Mikhail Petrashevskii
Petrashevskii, Mikhail Vasil’evich
(also M. V. Butashevich-Petrashevskii). Born Nov. 1 (13), 1821, in St. Petersburg; died Dec. 7 (19), 1866, in the village of Bel’skoe, now in Krasnoiarsk Krai. Russian revolutionary.
The son of a doctor, Petrashevskii was a member of the gentry class. He graduated from the lycée at Tsarskoe Selo in 1839 and the law faculty of St. Petersburg University in 1841. He worked as a translator in the Ministry of Foreign Affairs.

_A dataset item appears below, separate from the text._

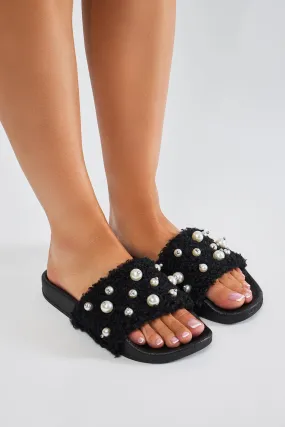 Kady Pearl Embellished Casual Slides - Black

Petrashevskii was the editor and the author of the majority of the theoretical articles of the Pocket Dictionary of Foreign Words (fasc. 2, 1846), which propagandized democratic and materialist ideas and the principles of Utopian socialism. Beginning in 1844, meetings were held in Petrashevskii’s home; they became weekly —every Friday—in 1845 and acquired fame among the progressive public. The participants in these Friday gatherings made use of Petrashevskii’s library, which contained forbidden books on materialist philosophy, Utopian socialism, and the history of revolutionary movements. Petrashevskii considered himself a follower of C. Fourier and argued for the democratization of Russia’s political system and the emancipation of the peasants with land. In late 1848 he took part in discussions on the organization of a secret society. He advocated extended preparation of the popular masses for revolutionary struggle.

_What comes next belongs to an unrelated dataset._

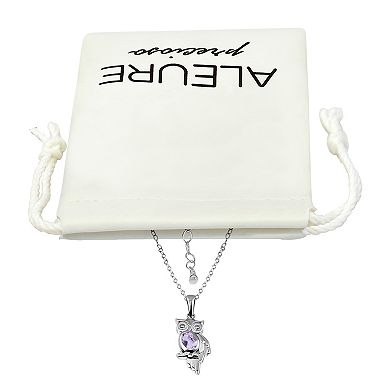 Aleure Precioso Sterling Silver Owl Pendant Necklace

In 1849, Petrashevskii was arrested and sentenced to be shot. Instead of being executed, however, he was sent to do hard labor for life, a sentence he served in Eastern Siberia. A penal settler from 1856, Petrashevskii lived in Irkutsk, where he organized the newspaper Amur in 1860. For speaking out against the despotism of the local authorities, he was exiled to Minusinsk District in February 1860.
The publishers of Kolokol made public the documents concerning the Petrashevskii circle case and the fate of Petrashevskii.
WORKS
In Delo petrashevtsev, vol. 1. Moscow-Leningrad, 1937.In Filosofskie i obshchestvenno-politicheskie proizvedeniia petrashevtsev. Moscow, 1953.
REFERENCES
Semevskii, V. I. M. V. Butashevich-Petrashevskii i petrashevtsy. Moscow, 1922.Nikitina, F. G. “Obshchestvenno-politicheskie i filosofskie vzgliady M. V. Butashevicha-Petrashevskogo.” In the collection Iz istorii russkoi filosofii XVIII-XIX vv. Moscow, 1952.
Prokof’ev, V. Petrashevskii. Moscow, 1962.
Dulov, A. V. “Sibirskaia publitsistika M. V. Petrashevskogo.” Tr. Irkutskogo universiteta, 1970, vol. 59: Seriia istoricheskaia, issue 2.